One of the first tasks we must do well as SSIS developers is really understand our source data. That seems rather obvious but it when we fail to do this task well, we frequently end up having to re-plan, re-work and re-do the packages we have designed. Generally speaking there are five facets to data that we need to have correct understanding of before building a package:
- Schema and the sub-facets of cardinality and ordinality
Schema that is what entities we have, what attributes those entities have and positional relationship do the attributes have. When we think about source data entities, we natural gravitate towards understanding them in terms of their persistence medium. We have things like Comma Separated Value files, database tables and so on. I think that is somewhat dangerous -- data is more that its container. The important thing to understand here what whole thing is is that persisted trying to represent. Any given entity may have many attributes and there is no guarantee that any one persistence has all or even most of the attributes. In such cases, we must be especially careful about how we design our packages since integrating streams of entities from multiple data sources can become a very expensive process when done incorrectly.
Attributes normally represent scalar facets of an entity. Attributes themselves will have many properties like name, value and the data type chosen to express that value in. A key but many times easily overlooked property of an attribute is if any given instance of that attribute is allowed to be undefined (null in database terms). A difficult and hard problem to solve occurs when the source data is allowed to have undefined values for a given attribute but its destination is not.

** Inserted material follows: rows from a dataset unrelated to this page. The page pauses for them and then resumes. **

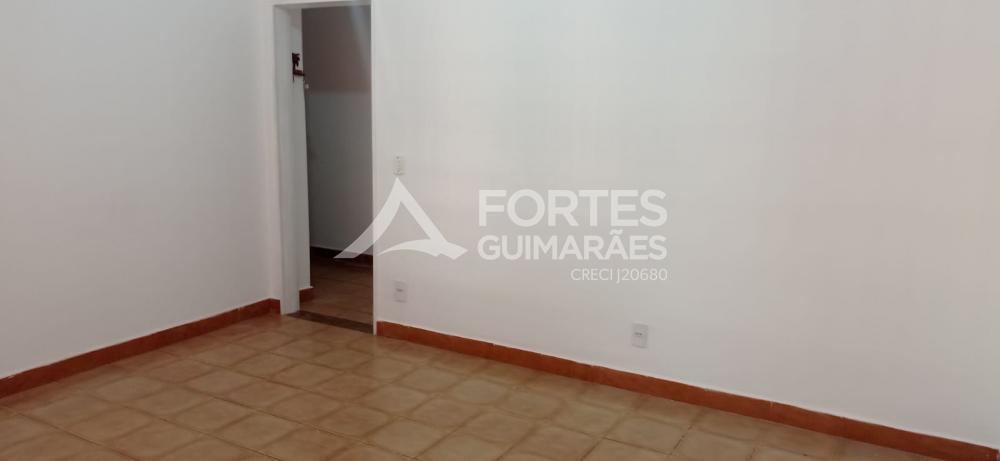 Alugar Casas / Padrão em Ribeirão Preto R$ 2.200,00 - Foto 4
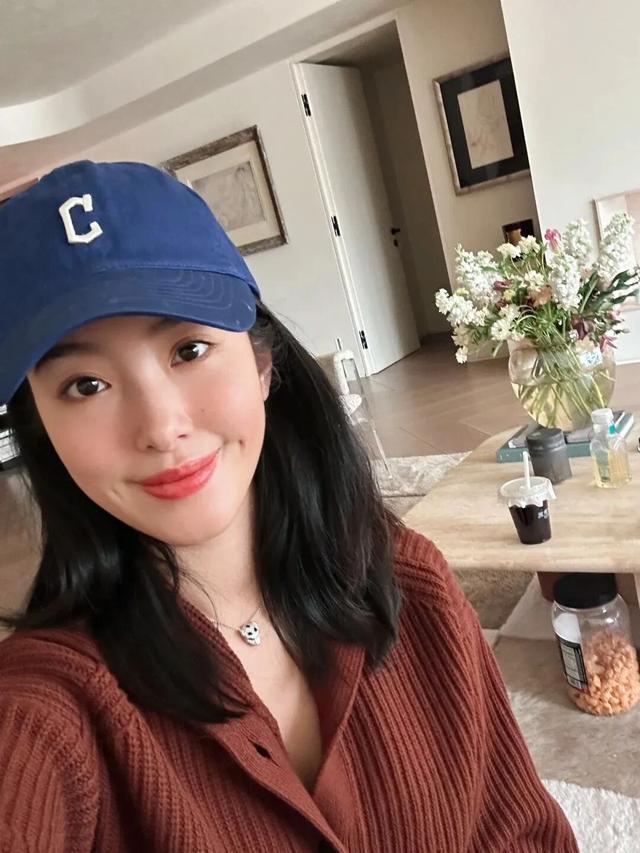 “过年红”就这么穿，真不俗！__“过年红”就这么穿，真不俗！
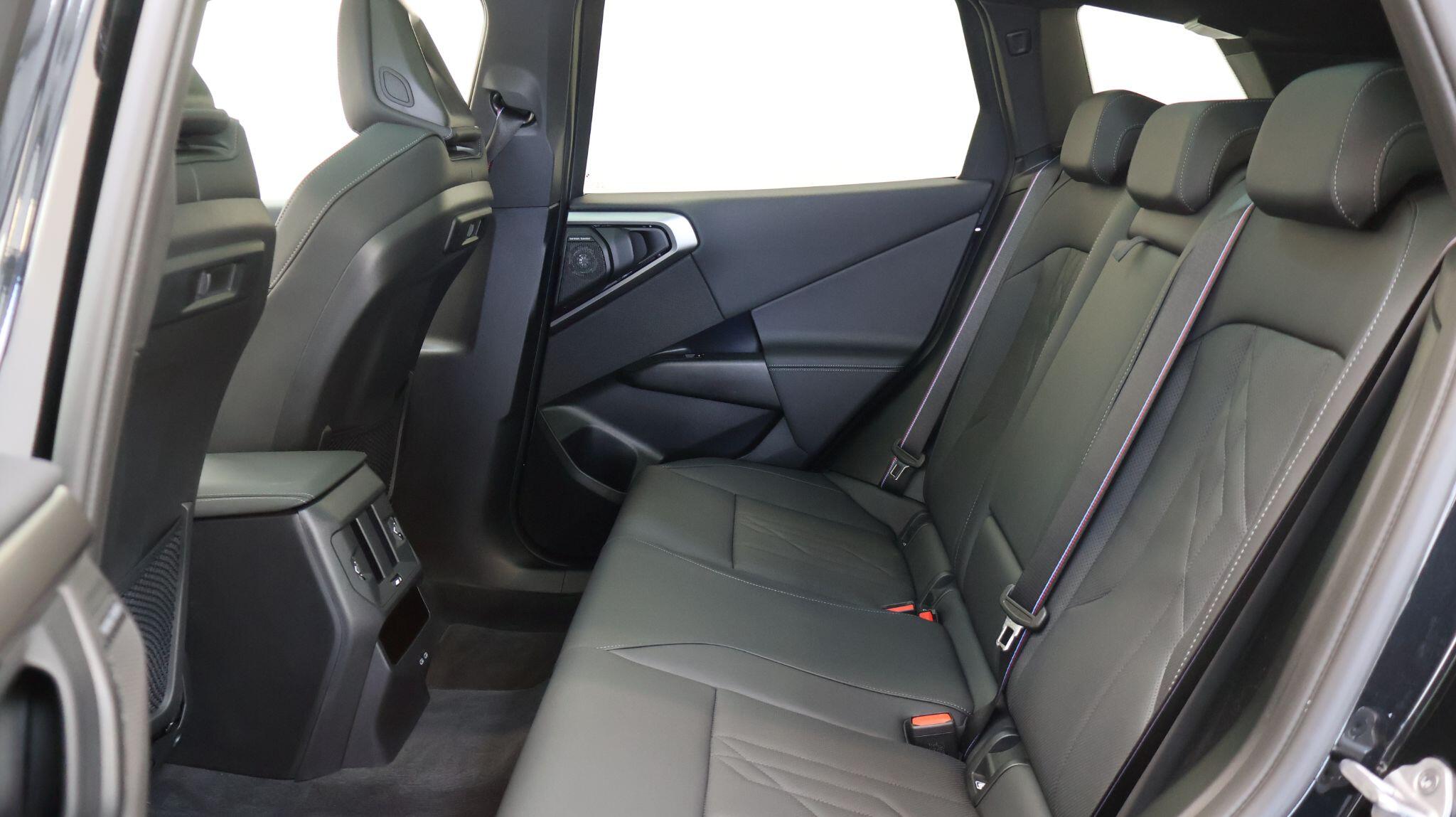 BMW X3 view 12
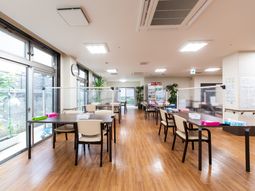 明るいダイニングスペース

For all but the most trivial of data integration projects, I feel it absolutely essential to gather and build a correct understanding of both the logical and physical data model of the sources and destinations before attempting to construct a package. Once this process is done, it becomes easier to see how entities and their attributes map. Do this at the logical level first, then at the physical level. This avoids not seeing the forest for the trees.
Two other aspects of the Schema deserve special attention: Cardinality and Ordinality.
By cardinality I ask what are the restrictions on distinct values occurring with an attribute or attribute set as well as what are the relations between entities. For example, most database products allow for constraints requiring unique values with one or more columns within the context of the table itself and between tables. If a destination does not allow for repeated attribute value but a source does, we know we will need to address this somehow in our work.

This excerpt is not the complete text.